How good were you at your first job? Mine was picking corn at Rosedale Farm in Connecticut at 6 a.m. I was late on my second day and I missed the truck that would take us out to the field. My boss, Marshall, came back, pulled up to where I sat on a hay bale in shame and said, “Being ‘on time’ means being 10 minutes early.” I hopped in the bed of the truck and he took me back into the field.
Today at 3, I have to meet with my unbelievably great literary agent to discuss my next book. You’re goddam right I’ll be in her office with my coat off at 2:50. Thanks, Marshall.
No matter what it is, you learn a lot from your first job. Here are some quick work tips we picked up from years’ Best Actor Oscar contenders, based on some of their earliest gigs.
Steve Carrell is mute in Curly Sue. The great improviser has no lines. Even his legendary facial expressions have no lines. He’s 29, his forehead doesn’t even have lines. But he’s on camera and from then on he can look for jobs by saying, “I was in top-grossing comedy Curly Sue.”
Insight: 80 percent of succeeding at your first job is just showing up.
Think about this: One day broke Bradley Cooper had to scrounge the cash for headshots. He wanted a job. Any job. So he took one as a British TV presenter. Which required him to skinny dip on a mostly male nude beach in Croatia. You can tell this fit-but-not-ripped Bradley Cooper—he of the future Hangover franchise/money-printing-injet—is a little nervous. But he goes for it anyway.
Insight: Just say “yes.”
The song “Amazing Grace” was written by a slavetrader who then tried to outlaw slavery. It became a British costume drama that has maybe one black person in it. Luckily, one white person comes through. It’s pretty much the inverse of 12 Years a Slave. Benedict Cumberbatch shines in his silly outfit to become the English-est among Englishman, even though he only has a supporting role.
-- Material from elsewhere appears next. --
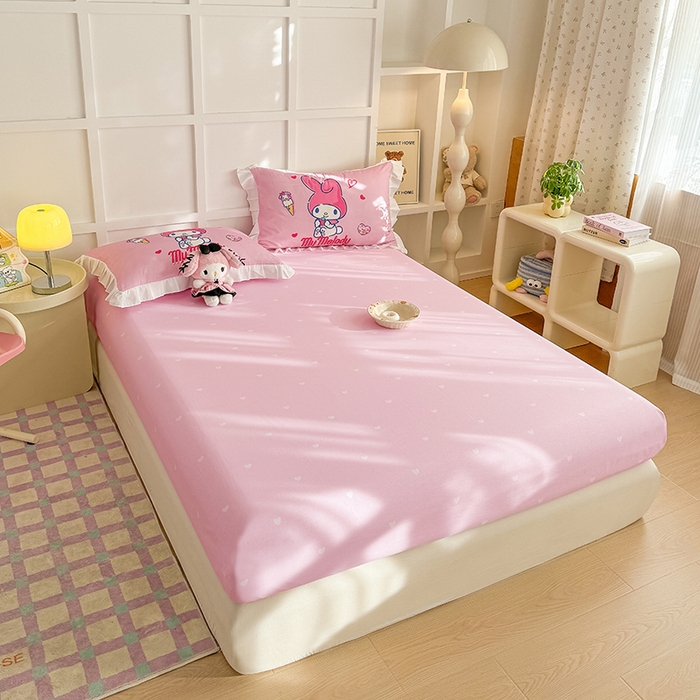 91家纺网 家纺一手货源 找家纺 玉元坊 2025新款三丽鸥白花边被套数码印花大版全棉纯棉卡通三四件套 大版花边-甜筒美乐蒂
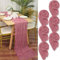 6 Stück Seihtuch Tischläufer Staubige Rose,90 x 300 cm Rosa Rustikaler Gaze Stoff Boho Tischläufer Käsetuch Cheesecloth Tischläufer Hochzeit Tischdecke für Hochzeitsfeier Brautparty Tischdekoration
Insight: Dress for the job you want.
Dear God, English people. You make some of the finest modern clothes in the world and yet all your films are these silly costume dramas. Do we need to jack up the TV-license fees to get you guys to stop raiding her ladyship’s wardrobe chest from Upstairs Downstairs? Even though Eddie Redmayne was mostly cut out of the Helen Mirren TV miniseries Elizabeth I, it became a big part of his reel and now he’s up for an Oscar. The experience gave him a firm footing for better roles.
Insight: Luck = Opportunity + Preparation.
Michael Keaton’s first job in show biz was inside the Pittsburgh public television studio where they filmed Mister Rogers Neighborhood. Then he went by his real name, Michael Douglas. He appeared on-air in the same way that sometimes Letterman calls over a stagehand. But he worked graciously for $2.25/hour and of all the people who came through that studio, Rogers himself had vivid memories of him decades later.
Insight: Always leave a good impression. But more importantly, do not hope for tasks equal to your powers, ask for abilities equal to your tasks.